In the early summer of 2019 we began talking with our agency partner, Intouch Solutions, about what to do for Ovarian Cancer Awareness Month, which was coming up in September. The impact that our patient interactions had on all of us set the agenda. We were going to create a nonbranded awareness campaign that would speak with the voice of women in the ovarian cancer community – or, rather, let them speak with their own voices. Everything was on the table. The goal wasn’t saturation or digital conversions, it was to convert all the energy and defiance of the community into broader awareness.

And the community made our choices for us. If ever a campaign grew up from the grass roots, this was the one. The women of the ovarian cancer advocacy community are on social media, so social media would be our channel. They are of all different ages, ethnicities, and backgrounds, so the beauty of all that diversity would be poured into the creative visuals of the campaign. And many of them are frustrated – frustrated that they’d misunderstood their symptoms or didn’t take them seriously sooner than they did. They could’ve acted sooner, but they hadn’t. And they wanted the next woman with nagging bloating or loss of appetite or pelvic pressure or low energy to act.

So, OvaryAct.

It was perfect.

The Intouch creative team drew inspiration for its imagery from the patient ambassadors that they’d come to know so well, aiming for each component to resonate with each ambassador. They worked to capture the brilliance, the sense of hope, the energy and strength of this community to fight for more time, to fight for more awareness, to support and connect with each other.

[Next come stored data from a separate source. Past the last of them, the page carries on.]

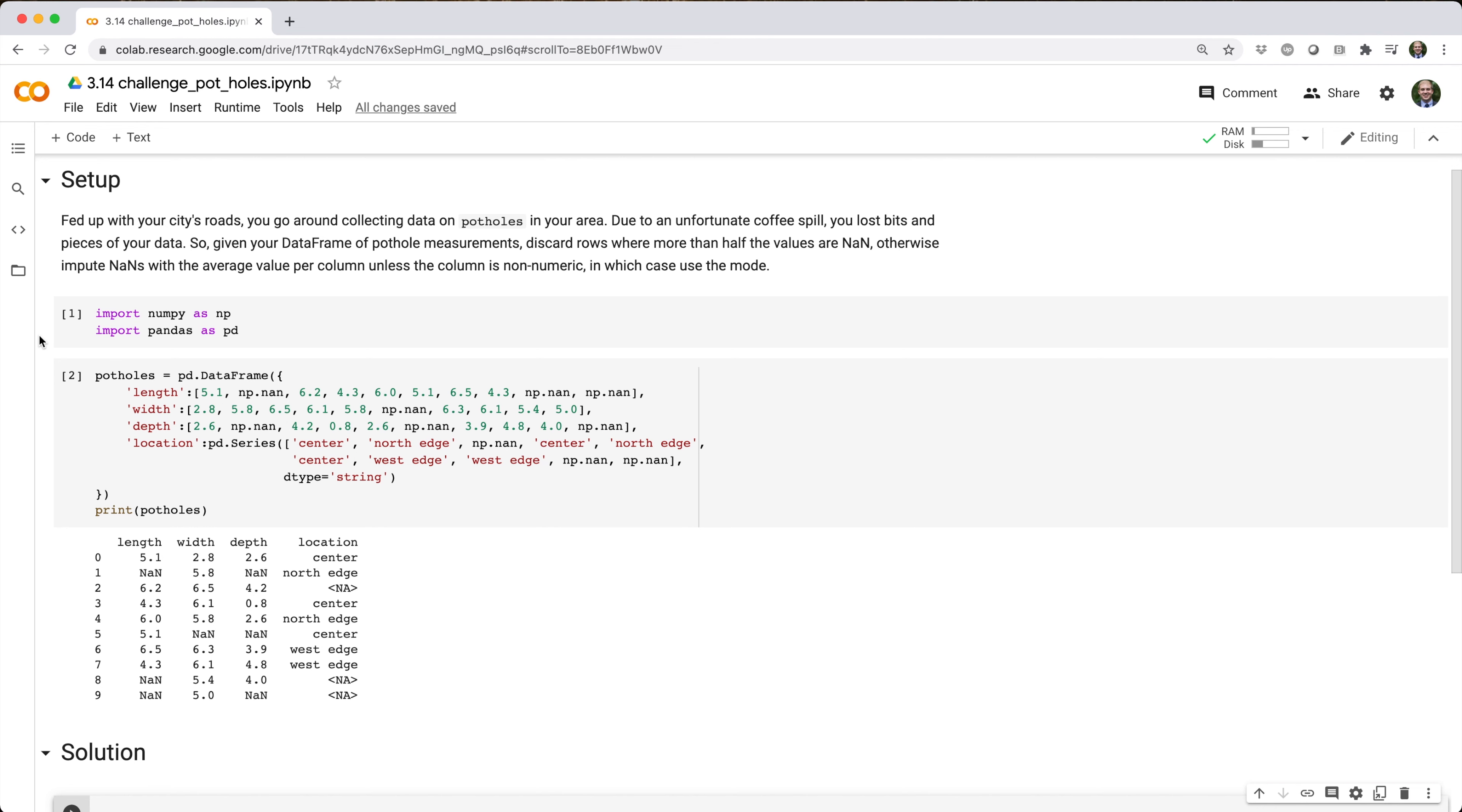Fed up with your city's roads, you go around collecting data on potholes in your area. Due to an unfortunate coffee spill, you lost bits and pieces of your data.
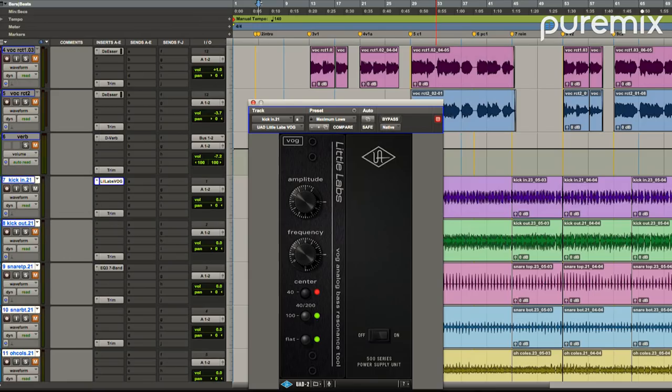I'm a friend of Jonathan Little, so maybe that's why, secretly. But usually I go in and I just go to the preset Maximum Lows and I turn it on, and then from there I'll turn my amplitude down just a little bit.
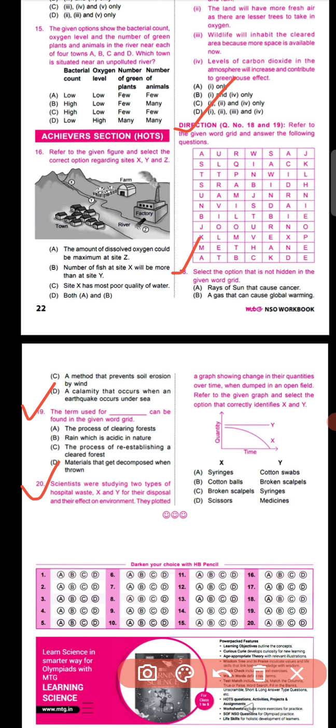Question number twenty says: scientists studied two types of hospital waste X and Y, plotting a graph of quantity versus time when dumped in an open field. The correct option is B: X is biodegradable because its quantity decreases over time, while Y is non-biodegradable as its quantity remains almost the same over time. The correct identification is cotton balls for X and broken scalpels for Y.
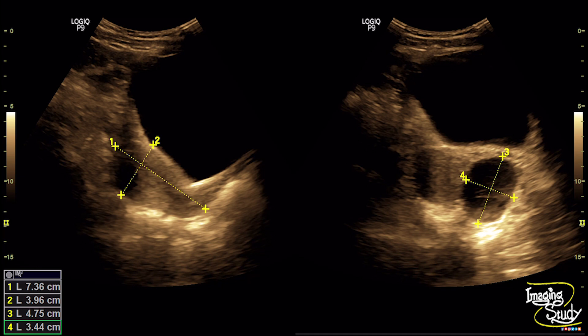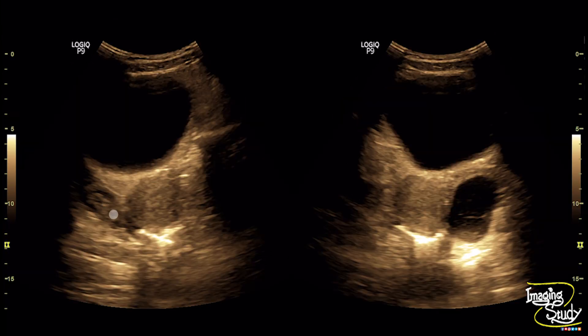We rechecked this patient after 6 weeks and fortunately found nothing on the left adnexa except a normal ovary, which suggests very good resorption of the lesion. Here is the picture of the right ovary on the right image and the left adnexal hemorrhagic cyst on the left one.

For our grassroots social media exercise, we decided to use a tool that hadn’t made an appearance in a pharma campaign before: GIPHY. We partnered with the site so that all the visual components could be posted as free downloads and used by patients and advocacy groups. GIPHY is a channel with a tremendous amount of reach and frequency, where users are encouraged to personalize their own content and use others’ content in the form of GIF images and animations. Pharma brands haven’t used it – and in fact might be seen as self-serving if they did. But for a nonbranded campaign focused on the patients and the relationships they have with each other, it was just right.

And we wanted to take a positive approach. A great deal of the awareness material that had circulated in the past during Ovarian Cancer Awareness month had been focused on the disease; epidemiology, number of people impacted, low survival rate. A lot of shock and awe, in other words. That’s not the sort of approach that encourages engagement and sharing – or hope, for that matter. So we took a positive, hopeful and fun approach with the imagery and messaging.

The real miracle of OvaryAct was how quickly it came together. We rallied to get all the work done and approved in exactly 26 days, just in time to launch in early September of 2019 for Ovarian Cancer Awareness Month.

Then it spread. Oh, did it spread. The patients and advocacy groups took hold of the hashtag and the GIFs and it just went everywhere. Two million social media engagements, 3.1 million GIPHY impressions, 12 million total impressions. In less than four weeks. Not because we poured money into it – because we didn’t – but because patients and caregivers saw themselves in it, spoke out through it, found it empowering, wanted it to spread.

It was really just supposed to be for that one month, just for Ovarian Cancer Awareness Month last year. But now there’s next Ovarian Cancer Awareness Month, this coming September.

Any communications leader can say, “Put the patient first.” How often do we really keep that commitment? Not often enough. But when we do – when we take the time to become a part of a community, to listen, to learn, and to use what we’ve learned to help the community find its own voice and spread its own messages, we do good alongside doing our jobs well. “Set your heart on doing good,” the Buddha said. “Do it over and over again, and you will be filled with joy.”